*TASK PROMPT*: For the records that follow, restate each one word for word and leave the images behind.

*DATA EXTRACT*:
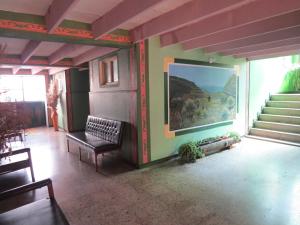 蒙圭Hotel Portón De Ocetá的客厅的墙上和楼梯上都装饰着绘画作品
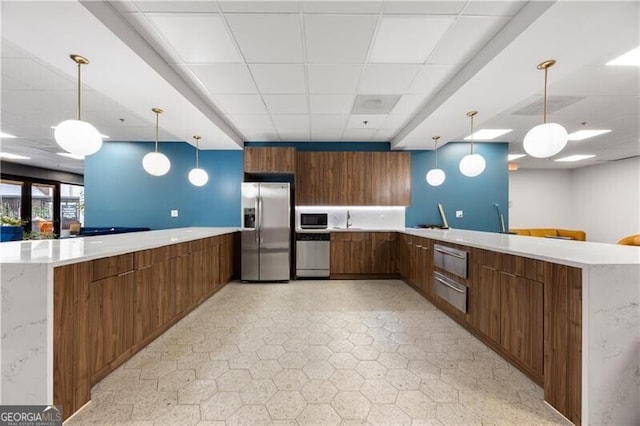 kitchen with a drop ceiling, stainless steel appliances, a peninsula, light countertops, and light floors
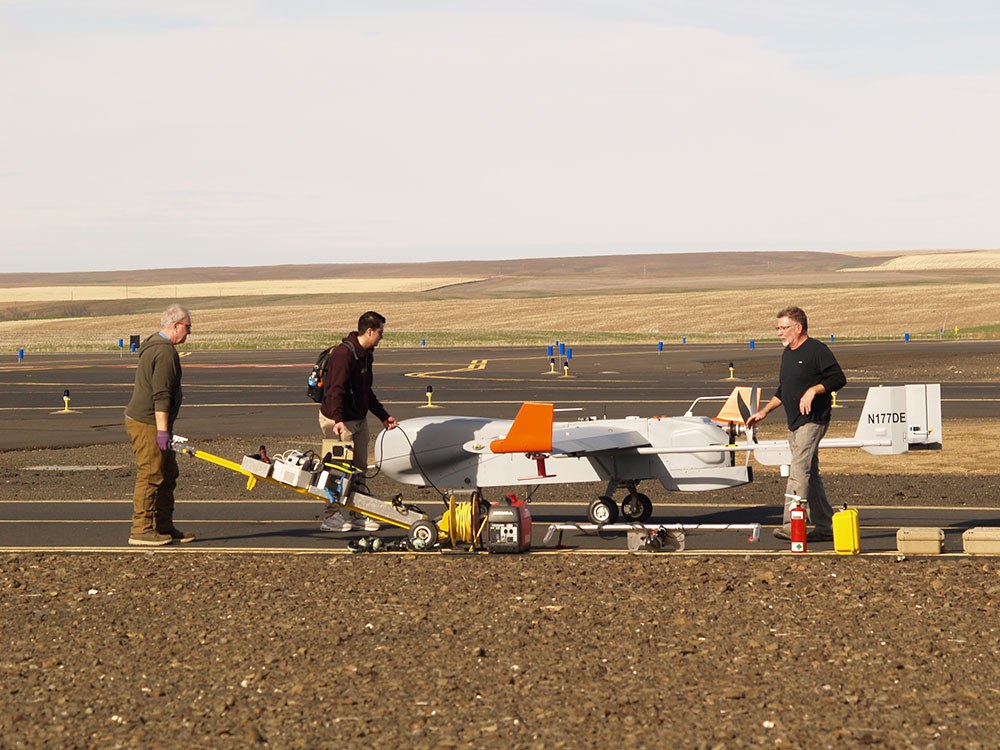 On the tarmac of the Pendleton UAS Range, ARM Aerial Facility staff work on the ArcticShark uncrewed aerial system.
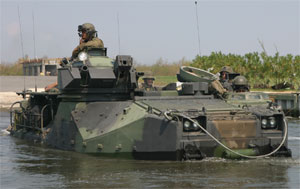 ST. BERNARD PARISH, La. (Sept. 10, 2005) - An Assault Amphibian Vehicle from 4th Assault Amphibian Battalion enters a canal via a boat launch. In order to reach a remote community in St. Bernard Parish that had not been searched yet, the amtracs traveled down four miles of a canal.  Photo by: Cpl. Rocco DeFilippis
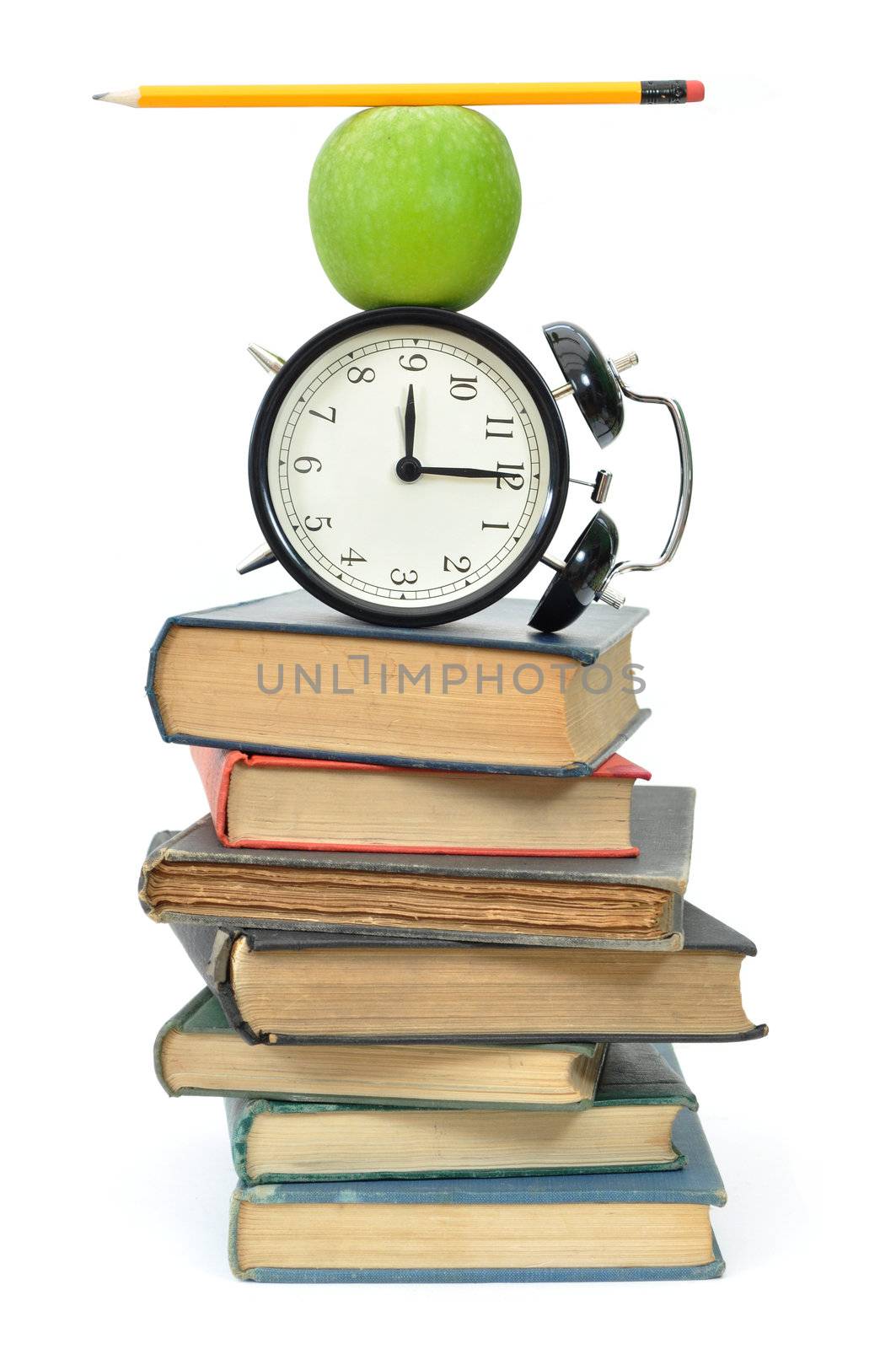 Balancing act of objects, including an apple and closk, on top of a stack of books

*REPLY*:
 蒙圭Hotel Portón De Ocetá的客厅的墙上和楼梯上都装饰着绘画作品
 kitchen with a drop ceiling, stainless steel appliances, a peninsula, light countertops, and light floors
 On the tarmac of the Pendleton UAS Range, ARM Aerial Facility staff work on the ArcticShark uncrewed aerial system.
 ST. BERNARD PARISH, La. (Sept. 10, 2005) - An Assault Amphibian Vehicle from 4th Assault Amphibian Battalion enters a canal via a boat launch. In order to reach a remote community in St. Bernard Parish that had not been searched yet, the amtracs traveled down four miles of a canal.  Photo by: Cpl. Rocco DeFilippis
 Balancing act of objects, including an apple and closk, on top of a stack of books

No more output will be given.